Нам не к чему перечислять здесь все открытия и заслуги перед наукой как самого Фрейда, так и главнейших представителей созданной им школы; — эти открытия, произведшие переворот в учении о душе, достаточно известны образованным читателям; — мне хотелось бы лишь обратить внимание на то, что в результате этих открытий, наша душевная сущность представляется разительно отличной от той слоеной маски, в которой мы не только показываемся другим, но и видим себя в воображении.

Давно уже сравнительно известно, что развитие отдельной особи (онтогенезис) является лишь повторением исторического развития рода (филогенезиса); цивилизованный человек, в своем личном развитии, переживает вкратце процесс развития, аналогичный культурному росту всего человечества[39] не только в физическом отношении, но — что особенно важно для нас, — и в психическом: каждый из нас на поверку таит в себе целую историю человеческого рода.

Сходства развития ребенка и первобытного человечества было подробно прослежены американскими {38} бихевиористами, которые еще до Фрейда хорошо выяснили параллель между периодами развития ребенка и предполагаемыми эпохами развития первобытного общества.

Новое, что внес сюда Фрейд[40], это установление сходства или вернее тождества того психического аппарата, при помощи которого приспособляется к внешнему миру как ребенок, так и дикарь, и сущность коего составляет сексуальность, проявляющаяся у ребенка в его, так сказать, «дикарскую пору». Фрейду удалось дать почти исчерпывающий образ детско-дикарского мышления, как такой его формы, где отражения действительности до неузнаваемости (до чудовищности) искажены нервно-мозговыми процессами, рожденными в половой сфере[41]. — И это удалось великому ученому полностью только тогда, когда он привлек на помощь своим изысканиям филогенезис, т. е. закон наследственности, которого он раньше чурался[42], опасаясь туманов, обволакивающих понятие о филогенезисе.

Ко времени же его работы над психологией первобытной культуры и религии («Тотем и Табу»), Фрейд, хоть и не вполне, но все же в значительной степени рассеял этот туман вокруг проблемы наследственности и сделал наконец огромной важности признание, которое полезно привести здесь в его существенной части:

«Без допущения массовой психики, непрерывности в жизни чувств людей, дающей возможность не обращать внимания на прерываемость душевных актов вследствие гибели индивидов, психология народов вообще не может существовать.

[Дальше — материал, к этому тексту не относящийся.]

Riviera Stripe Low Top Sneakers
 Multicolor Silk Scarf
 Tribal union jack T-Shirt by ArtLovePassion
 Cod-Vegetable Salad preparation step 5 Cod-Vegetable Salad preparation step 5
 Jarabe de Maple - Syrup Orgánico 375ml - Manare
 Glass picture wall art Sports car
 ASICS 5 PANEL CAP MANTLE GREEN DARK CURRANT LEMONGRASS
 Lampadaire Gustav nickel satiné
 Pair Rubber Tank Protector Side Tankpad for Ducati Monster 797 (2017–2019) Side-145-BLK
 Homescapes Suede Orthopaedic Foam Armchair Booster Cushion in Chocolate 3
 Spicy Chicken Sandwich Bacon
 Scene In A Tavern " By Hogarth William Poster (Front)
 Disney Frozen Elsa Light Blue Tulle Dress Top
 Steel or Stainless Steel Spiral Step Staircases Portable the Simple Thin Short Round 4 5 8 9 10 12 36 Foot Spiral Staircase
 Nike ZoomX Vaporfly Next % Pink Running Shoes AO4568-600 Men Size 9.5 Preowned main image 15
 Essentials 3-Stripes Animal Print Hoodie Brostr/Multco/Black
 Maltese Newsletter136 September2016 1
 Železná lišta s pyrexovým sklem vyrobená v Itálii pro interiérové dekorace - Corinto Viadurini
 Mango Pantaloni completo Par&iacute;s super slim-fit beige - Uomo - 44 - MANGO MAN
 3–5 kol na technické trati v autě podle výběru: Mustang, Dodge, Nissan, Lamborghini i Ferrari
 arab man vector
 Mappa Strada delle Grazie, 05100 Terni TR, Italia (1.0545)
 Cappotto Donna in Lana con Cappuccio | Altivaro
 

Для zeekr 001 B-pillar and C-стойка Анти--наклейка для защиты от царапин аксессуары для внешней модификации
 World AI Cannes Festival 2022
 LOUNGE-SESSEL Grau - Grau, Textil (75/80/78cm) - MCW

Если бы психические {39} процессы одного поколения не находили своего продолжения в другом, если бы каждое поколение должно было заново приобретать свою направленность в жизни, то в этой области не было бы никакого прогресса и почти никакого развития… В общем, психология народов мало задумывается над тем, каким образом создается необходимая непрерывность душевной жизни сменяющих друг друга поколений. Часть задачи осуществляется, по-видимому, благодаря унаследованию психических предрасположений, которые, однако, все-таки нуждаются в известных побуждениях в индивидуальной жизни для того, чтобы проснуться к полной действительности… Проблема вообще оказалась бы еще более трудной, если бы мы могли допустить, что бывают душевные движения, так бесследно подаваемые, что они не оставляют никаких остаточных явлений. Но таких на самом деле нет. Самое сильное подавление оставляет место искаженным замещающим душевным движениям и вытекающим из них реакциям. В таком случае мы можем допустить, что ни одно поколение не в состоянии скрыть от последующего более или менее значительные душевные процессы»[43].

Запомним это заключение, отметив для будущих выводов, что если душевные процессы, ставшие свойственными первобытным людям, присущи в какой-то мере и нам, — включая запросы, удовлетворение коих противоречит нашему быту, закону и морали (например, кровожадность), — эти процессы, невзирая на сказанное противоречие, должны быть (хотя бы ради «душевного спокойствия») удовлетворительно нами изжиты. (Как так «удовлетворительно», — о том нетрудно догадаться, вспомнив хотя бы Аристотеля с его учением об очищающих душу сочувственных {40} изживаниях чужих страстей в трагедии («катарсис»).)

Еще категоричнее в пользу наследственности выражается Фрейд в книге «Я и Оно» (написанной через 10 лет после «Тотема и Табу»), где предполагается уже всю область психики, не совпадающую с нашим Я, называть «Оно», подразумевая под ним издревле-накопленную в нашей Душе стихию страстей, противостоящую нашему сознательному, казалось бы Я — этому истинному носителю реальности!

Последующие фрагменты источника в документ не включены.